MIPS O64 Application Binary Interface for GCC

The O64 ABI is almost identical to the classic 32-bit MIPS ABI. The differences are enumerated below.

64-Bit Integer Registers

The integer registers are assumed to have 64 bits, rather than 32 bits. For example, two 64-bit integers may be added with a single add instruction.

Argument Passing

Arguments are passed on 64-bit boundaries, rather than 32-bit boundaries, when they are passed on the stack. For example, given:
    void f() { g(1, 2, 3, 4, 5, 6, 7, 8, 9, 10); }
all arguments beginning with 5 are passed on the stack. The argument 6 is placed 8 bytes beyond argument 5 -- not 4 bytes as it would be in 32-bit mode.

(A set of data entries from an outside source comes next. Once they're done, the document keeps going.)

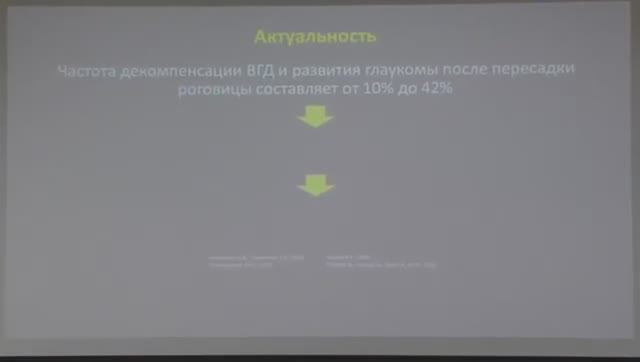 Вторичная глаукома при заболеваниях роговицы применение Микроимпульсной лазерной
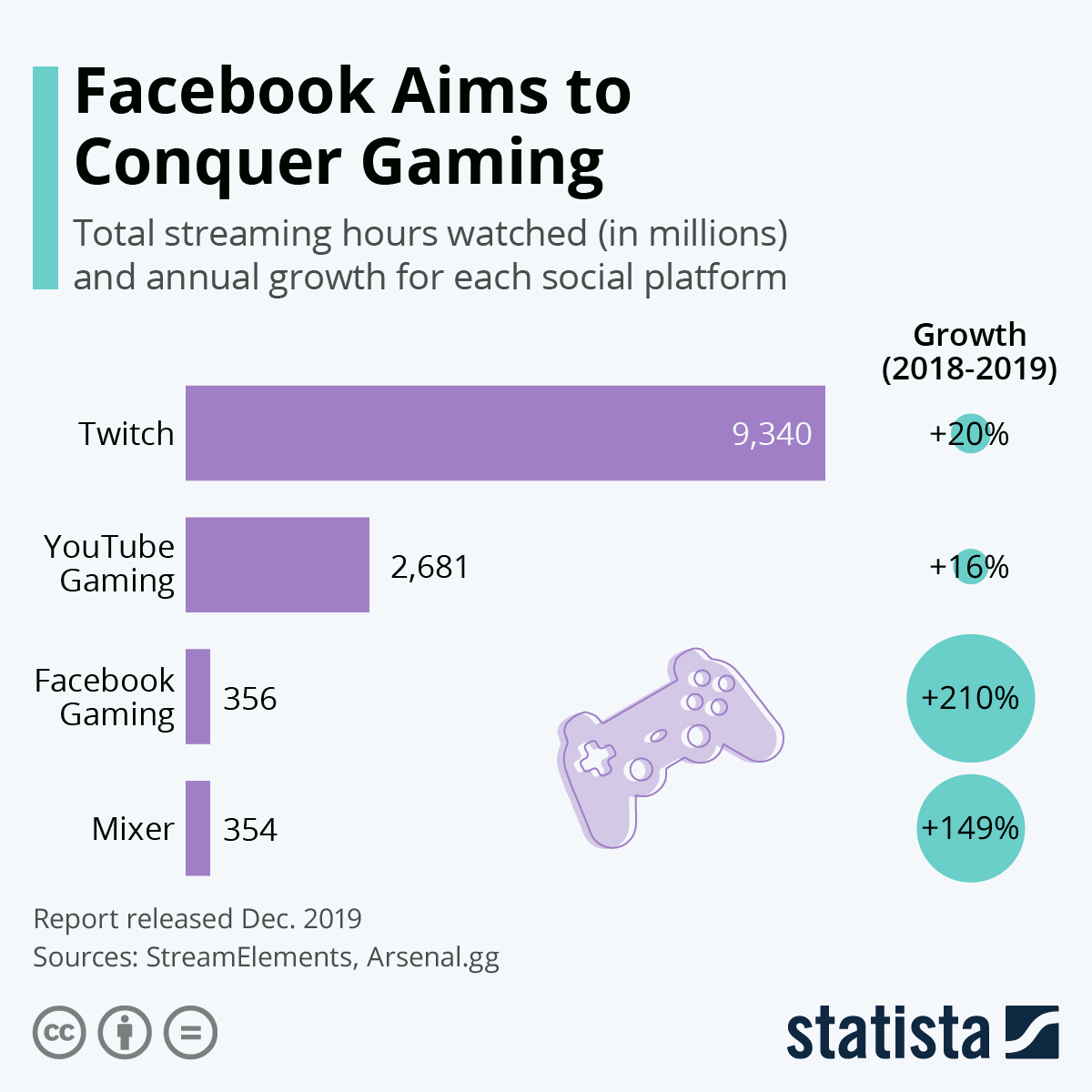 Chart Facebook Aims to Conquer Gaming Statista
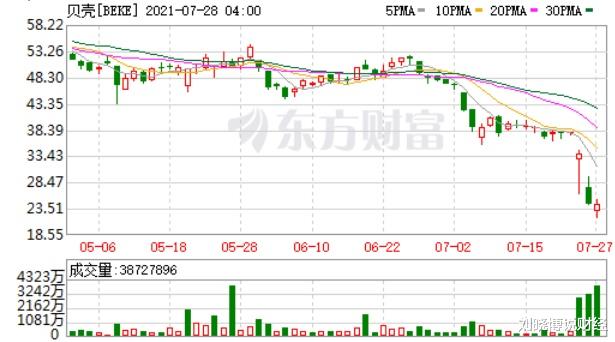  下一个“被锤”的行业，难道是它？
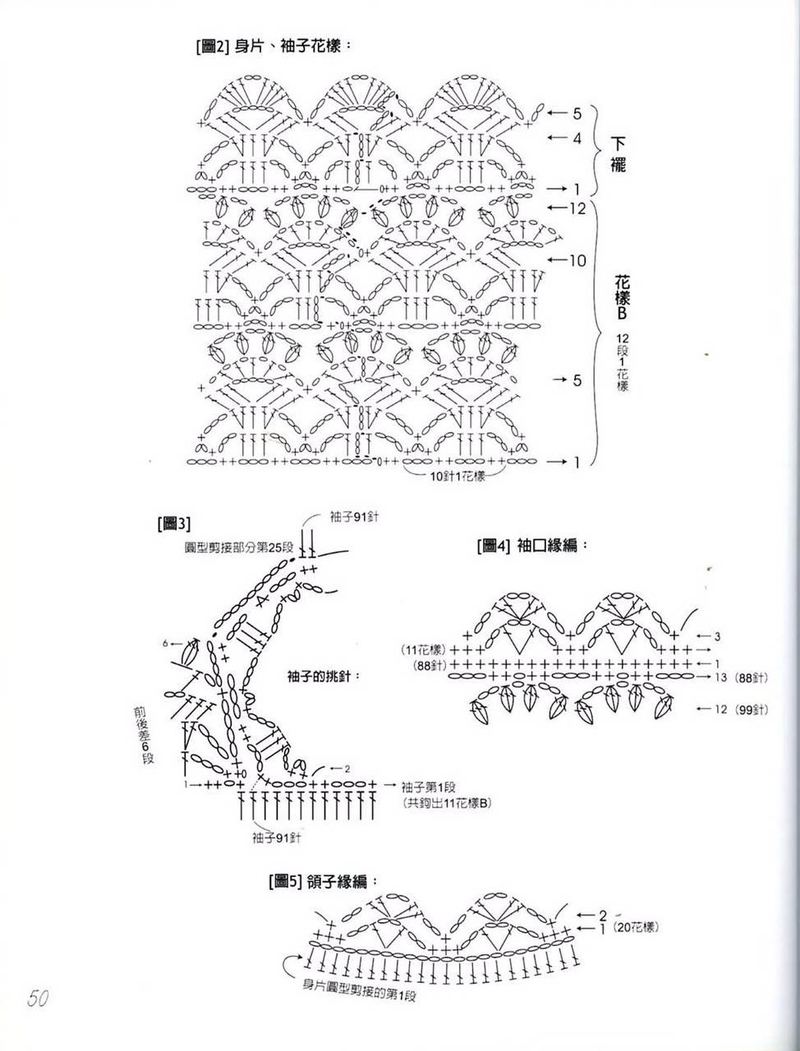 香芋蔥~~16-01 - 魚兒 - 魚兒的小溪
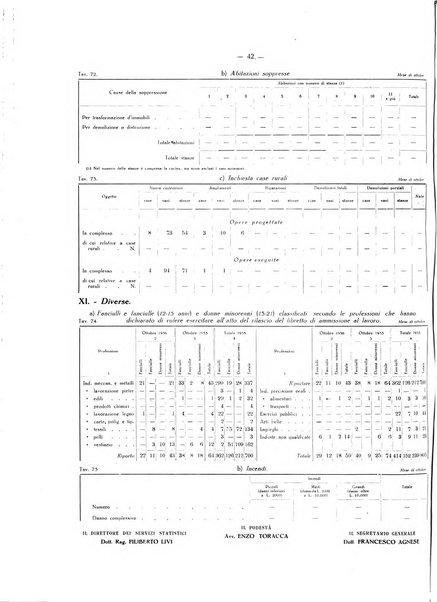 Il Comune della Spezia atti e statistiche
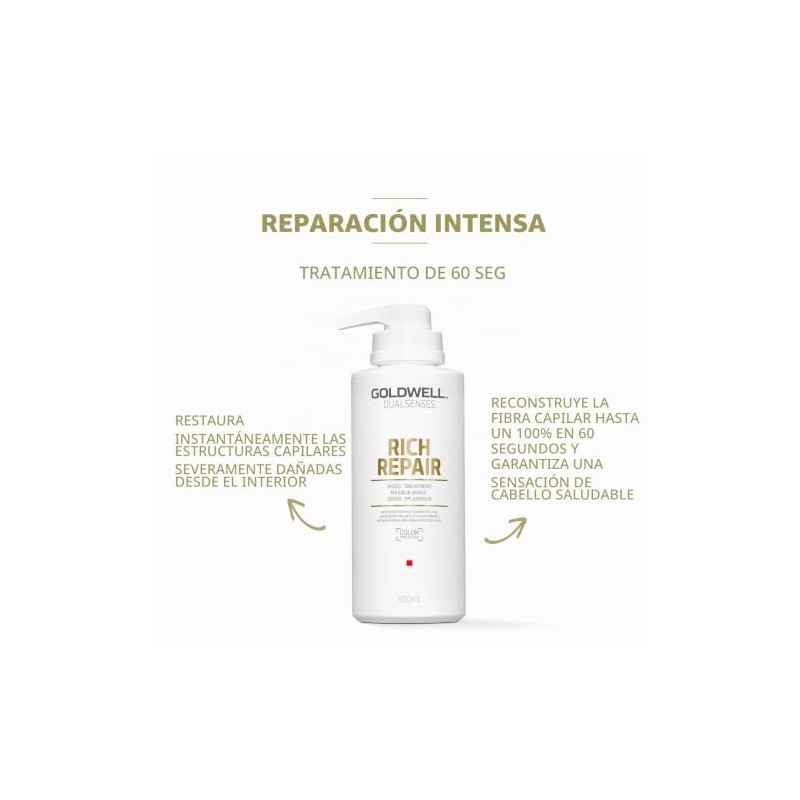 Goldwell Dualsenses Rich Repair 60sec Treatment 500ml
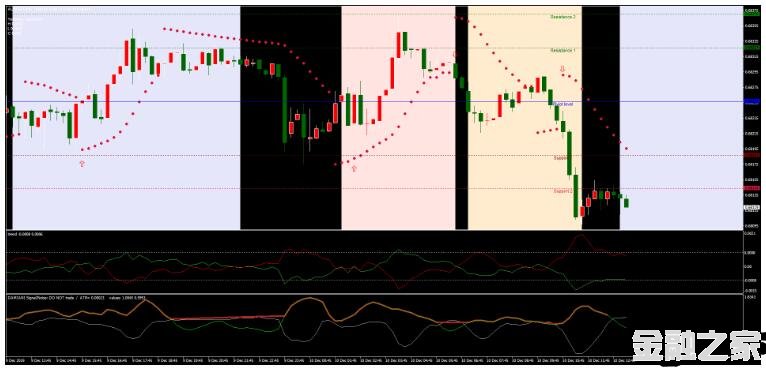 MT4 I-trend + Damiani Volameter Ƹ 㽻ϵͳ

In little-endian mode, arguments are packed towards the lower-address side of the 8-byte slot; in big-endian mode, they are packed towards the upper-address side.

Floating-Point Arguments

If the first and second arguments floating-point arguments to a function are 32-bit values, they are passed in $f12 and $f14. If the first is a 32-bit value and the second is a 64-bit value, they are passed in $f12 and $f13. If they are both 64-bit values, they are passed in $f12 and $f13.

ELF Header

The e_flags field in the ELF header for object files generated using this ABI contains E_MIPS_ABI_O64, which has the value 0x2000.